WHAT TO DO >>
Scan the records below for the line with "Sony LinkBuds white" and the line with "LED Wall Lamp Showcase 1". Repeat those two lines and every line between them exactly, and nothing else.

DATASET CONTENT >>

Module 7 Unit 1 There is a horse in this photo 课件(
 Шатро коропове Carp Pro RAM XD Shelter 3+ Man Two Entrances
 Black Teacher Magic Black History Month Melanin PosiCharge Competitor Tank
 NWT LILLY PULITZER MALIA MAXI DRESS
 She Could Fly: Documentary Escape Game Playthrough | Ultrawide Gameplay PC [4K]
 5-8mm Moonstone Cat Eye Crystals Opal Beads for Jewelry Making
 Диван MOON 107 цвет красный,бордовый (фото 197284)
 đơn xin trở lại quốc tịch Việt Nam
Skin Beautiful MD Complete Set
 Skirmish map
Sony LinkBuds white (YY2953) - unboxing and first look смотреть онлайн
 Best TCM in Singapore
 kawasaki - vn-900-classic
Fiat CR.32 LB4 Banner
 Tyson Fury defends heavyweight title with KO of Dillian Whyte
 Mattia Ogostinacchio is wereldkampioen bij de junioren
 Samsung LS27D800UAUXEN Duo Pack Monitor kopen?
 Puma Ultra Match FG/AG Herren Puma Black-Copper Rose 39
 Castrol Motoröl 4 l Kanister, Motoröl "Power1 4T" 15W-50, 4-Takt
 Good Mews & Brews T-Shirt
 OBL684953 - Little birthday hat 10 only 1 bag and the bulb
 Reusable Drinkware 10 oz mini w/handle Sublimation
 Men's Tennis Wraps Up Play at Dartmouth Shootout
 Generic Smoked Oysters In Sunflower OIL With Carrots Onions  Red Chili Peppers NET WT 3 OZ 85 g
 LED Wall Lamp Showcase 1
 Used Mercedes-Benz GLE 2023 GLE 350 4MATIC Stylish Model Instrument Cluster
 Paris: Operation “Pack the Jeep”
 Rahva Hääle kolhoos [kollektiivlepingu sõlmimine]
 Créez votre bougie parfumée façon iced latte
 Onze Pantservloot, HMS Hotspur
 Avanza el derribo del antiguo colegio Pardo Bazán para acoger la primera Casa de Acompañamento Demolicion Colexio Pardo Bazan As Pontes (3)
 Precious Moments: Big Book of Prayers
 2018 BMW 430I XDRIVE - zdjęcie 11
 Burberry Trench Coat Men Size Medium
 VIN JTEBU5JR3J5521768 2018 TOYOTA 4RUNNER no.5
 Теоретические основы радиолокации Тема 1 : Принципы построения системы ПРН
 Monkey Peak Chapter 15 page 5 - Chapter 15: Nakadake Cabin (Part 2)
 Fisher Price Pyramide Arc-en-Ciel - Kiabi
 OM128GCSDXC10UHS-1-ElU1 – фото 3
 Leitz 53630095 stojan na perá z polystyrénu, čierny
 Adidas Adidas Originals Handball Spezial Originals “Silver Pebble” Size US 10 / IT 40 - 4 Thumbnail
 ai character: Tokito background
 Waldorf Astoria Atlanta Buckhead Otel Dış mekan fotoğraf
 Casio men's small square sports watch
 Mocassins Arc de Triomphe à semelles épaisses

REPLY >>
Sony LinkBuds white (YY2953) - unboxing and first look смотреть онлайн
 Best TCM in Singapore
 kawasaki - vn-900-classic
Fiat CR.32 LB4 Banner
 Tyson Fury defends heavyweight title with KO of Dillian Whyte
 Mattia Ogostinacchio is wereldkampioen bij de junioren
 Samsung LS27D800UAUXEN Duo Pack Monitor kopen?
 Puma Ultra Match FG/AG Herren Puma Black-Copper Rose 39
 Castrol Motoröl 4 l Kanister, Motoröl "Power1 4T" 15W-50, 4-Takt
 Good Mews & Brews T-Shirt
 OBL684953 - Little birthday hat 10 only 1 bag and the bulb
 Reusable Drinkware 10 oz mini w/handle Sublimation
 Men's Tennis Wraps Up Play at Dartmouth Shootout
 Generic Smoked Oysters In Sunflower OIL With Carrots Onions  Red Chili Peppers NET WT 3 OZ 85 g
 LED Wall Lamp Showcase 1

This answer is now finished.